We stumbled upon a problem during our transaction throughput testing on our kusama parachain: revalidating transactions stuck in a loop on gateway nodes (?).
Context
Our network consists of 7 nodes,
- 3 collators - parachain-collator-swe🇸🇪, parachain-collator-deu🇩🇪, parachain-collator-ita🇮🇹
- 3 gateways - parachain-gateway-kor🇰🇷, parachain-gateway-deu🇩🇪, parachain-gateway-usa🇺🇸
- 1 extra archive node - parachain-archive
Only gateways can have peerings with collators, so there is no direct connectivity between parachain-archive and collators.
There is a graph for txpool_validations_scheduled node metric
During our testing, we are spamming one of the gateways with a lot of balance.transfer calls, client was located in Europe in all the following steps, except (3).
(Load script code: benchmark.ts · GitHub)
We started with parachain-gateway-usa🇺🇸 as our first target, and everything went smoothly; collators handled every transaction (first spike on the graph, 1).
Then we proceeded with parachain-gateway-kor🇰🇷, and everything went well (second spike, 2).
Then we retried with parachain-gateway-usa🇺🇸 again, but with the client located in North America, resulting in success (third spike, 3).
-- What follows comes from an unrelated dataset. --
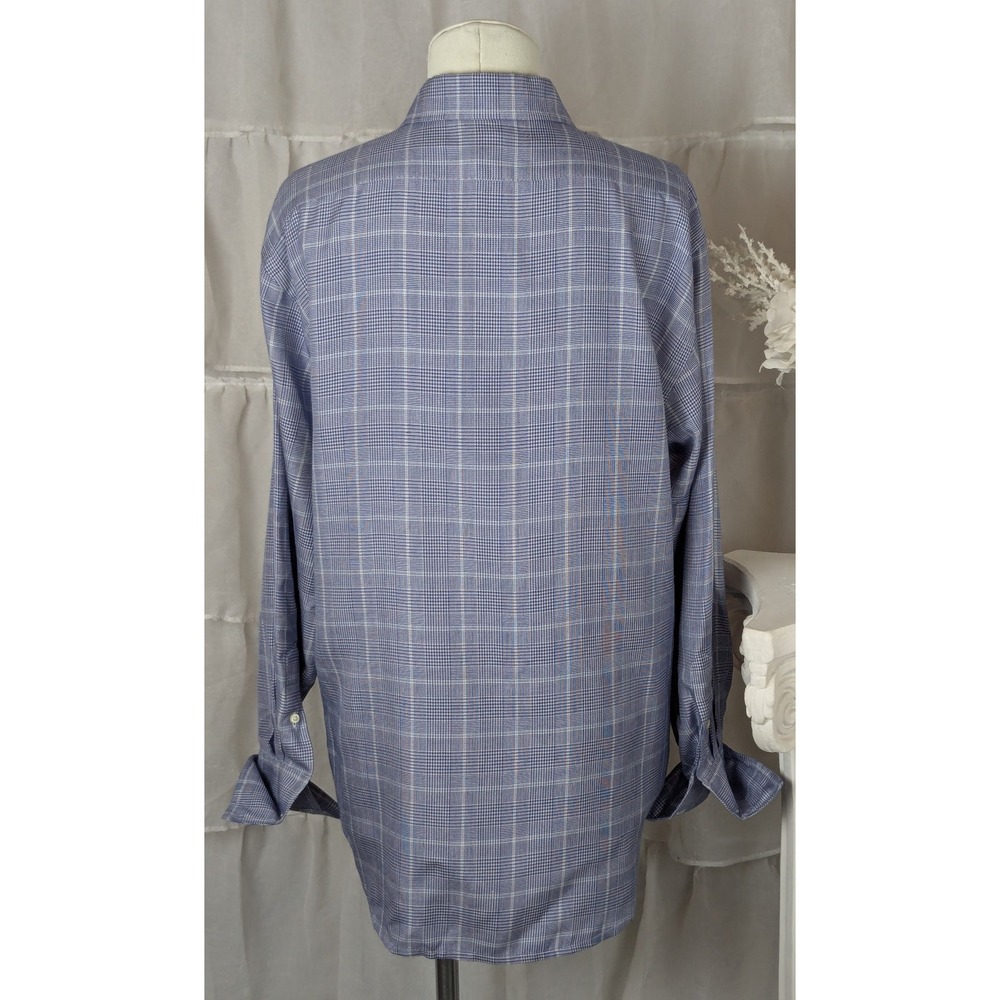 Lauren Ralph Lauren Women's 100% Silk Blue Houndstooth Button Down Blouse Size 8 - Picture 7 of 11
The sender location doesn’t make a difference.
But then, interesting things started to happen.
During parachain-gateway-deu🇩🇪 testing (orange line on the graph), we filled the transaction pool with transactions (4), and collators executed a couple of transactions… And then, the rest of the transactions were stuck in the loop on the gateway, revalidating and moving from Ready state to Future state and vice-versa (spiky orange line on the graph, 5).
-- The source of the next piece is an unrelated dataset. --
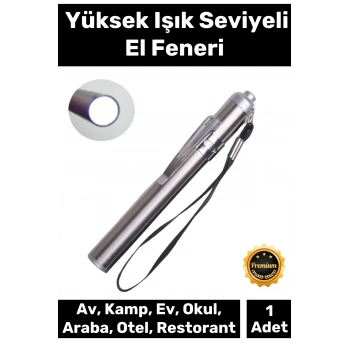 Deluxe Cep Boyu Tek Modlu 50 Metre Menzilli 1 Pille Çalışan Beyaz Aydınlatmalı Mini Güçlü El Feneri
Then we restarted parachain-gateway-kor🇰🇷 (6), collators executed another part of the initial batch of transactions, and the rest were stuck in the same loop again. Now there are two nodes in this loop: parachain-gateway-deu🇩🇪 and parachain-gateway-kor🇰🇷. (7)
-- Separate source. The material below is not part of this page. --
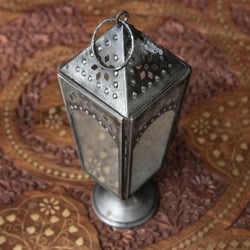 モロッコスタイルの透かし彫りLEDキャンドルランタン〔ロウソク風LEDキャンドル付き〕 - 〔ホワイト〕約24×8cm - サブ4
Then parachain-gateway-usa🇺🇸, and the same story as with parachain-gateway-kor🇰🇷 (8)
Then parachain-archive (9), and there were no transactions executed at all. So restarting a gateway works as a pump; restarted gateway gathers some part of the transaction pool, manages to send some of them to the collator and then stops for some reason?
And finally, we restarted parachain-collator-deu🇩🇪 (10), and every transaction was finally processed (11).
This behaviour is reproducible, and we have found that adding 100ms latency to parachain-gateway-deu🇩🇪 network makes this issue go away.
Summary
parachain-gateway-deu🇩🇪 getting stuck under load, and only collator restart helps to resolve this issue.
We also tested with transactions sent from Europe and North America with the same result (to parachain-gateway-deu🇩🇪 in both cases); sender location doesn’t make a difference; only transactions sent toparachain-gateway-deu🇩🇪 getting stuck.
What might be the cause of this behaviour? What can we do to prevent the malicious actor from making our gateways stuck in this state?